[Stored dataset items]
##########

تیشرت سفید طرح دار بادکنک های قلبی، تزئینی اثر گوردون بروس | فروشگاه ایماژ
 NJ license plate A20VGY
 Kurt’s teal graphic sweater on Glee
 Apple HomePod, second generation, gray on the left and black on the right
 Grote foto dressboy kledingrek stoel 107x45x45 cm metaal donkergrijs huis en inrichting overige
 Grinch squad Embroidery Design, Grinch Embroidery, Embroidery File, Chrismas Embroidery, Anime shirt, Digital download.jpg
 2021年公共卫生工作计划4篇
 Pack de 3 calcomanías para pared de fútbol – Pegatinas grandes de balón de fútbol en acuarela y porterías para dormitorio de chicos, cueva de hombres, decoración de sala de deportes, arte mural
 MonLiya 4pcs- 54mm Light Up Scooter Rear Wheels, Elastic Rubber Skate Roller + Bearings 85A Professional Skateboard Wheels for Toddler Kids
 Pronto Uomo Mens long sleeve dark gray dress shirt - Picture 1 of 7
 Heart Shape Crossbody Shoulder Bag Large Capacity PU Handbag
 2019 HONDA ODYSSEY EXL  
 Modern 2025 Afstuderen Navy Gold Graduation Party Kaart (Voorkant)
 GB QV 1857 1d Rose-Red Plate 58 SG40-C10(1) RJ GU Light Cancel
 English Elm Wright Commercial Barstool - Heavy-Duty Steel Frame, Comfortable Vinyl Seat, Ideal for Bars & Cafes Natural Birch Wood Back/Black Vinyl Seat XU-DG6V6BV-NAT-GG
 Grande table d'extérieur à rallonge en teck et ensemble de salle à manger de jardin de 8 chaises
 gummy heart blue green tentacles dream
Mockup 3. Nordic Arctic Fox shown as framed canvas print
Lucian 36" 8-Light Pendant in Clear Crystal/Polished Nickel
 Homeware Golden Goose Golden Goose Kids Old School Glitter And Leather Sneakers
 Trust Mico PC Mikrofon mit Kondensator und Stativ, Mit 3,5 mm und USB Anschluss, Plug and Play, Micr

##########

- [Exercise goal] Output all entries again exactly; no line may be altered.

- [Result of this task]
تیشرت سفید طرح دار بادکنک های قلبی، تزئینی اثر گوردون بروس | فروشگاه ایماژ
 NJ license plate A20VGY
 Kurt’s teal graphic sweater on Glee
 Apple HomePod, second generation, gray on the left and black on the right
 Grote foto dressboy kledingrek stoel 107x45x45 cm metaal donkergrijs huis en inrichting overige
 Grinch squad Embroidery Design, Grinch Embroidery, Embroidery File, Chrismas Embroidery, Anime shirt, Digital download.jpg
 2021年公共卫生工作计划4篇
 Pack de 3 calcomanías para pared de fútbol – Pegatinas grandes de balón de fútbol en acuarela y porterías para dormitorio de chicos, cueva de hombres, decoración de sala de deportes, arte mural
 MonLiya 4pcs- 54mm Light Up Scooter Rear Wheels, Elastic Rubber Skate Roller + Bearings 85A Professional Skateboard Wheels for Toddler Kids
 Pronto Uomo Mens long sleeve dark gray dress shirt - Picture 1 of 7
 Heart Shape Crossbody Shoulder Bag Large Capacity PU Handbag
 2019 HONDA ODYSSEY EXL  
 Modern 2025 Afstuderen Navy Gold Graduation Party Kaart (Voorkant)
 GB QV 1857 1d Rose-Red Plate 58 SG40-C10(1) RJ GU Light Cancel
 English Elm Wright Commercial Barstool - Heavy-Duty Steel Frame, Comfortable Vinyl Seat, Ideal for Bars & Cafes Natural Birch Wood Back/Black Vinyl Seat XU-DG6V6BV-NAT-GG
 Grande table d'extérieur à rallonge en teck et ensemble de salle à manger de jardin de 8 chaises
 gummy heart blue green tentacles dream
Mockup 3. Nordic Arctic Fox shown as framed canvas print
Lucian 36" 8-Light Pendant in Clear Crystal/Polished Nickel
 Homeware Golden Goose Golden Goose Kids Old School Glitter And Leather Sneakers
 Trust Mico PC Mikrofon mit Kondensator und Stativ, Mit 3,5 mm und USB Anschluss, Plug and Play, Micr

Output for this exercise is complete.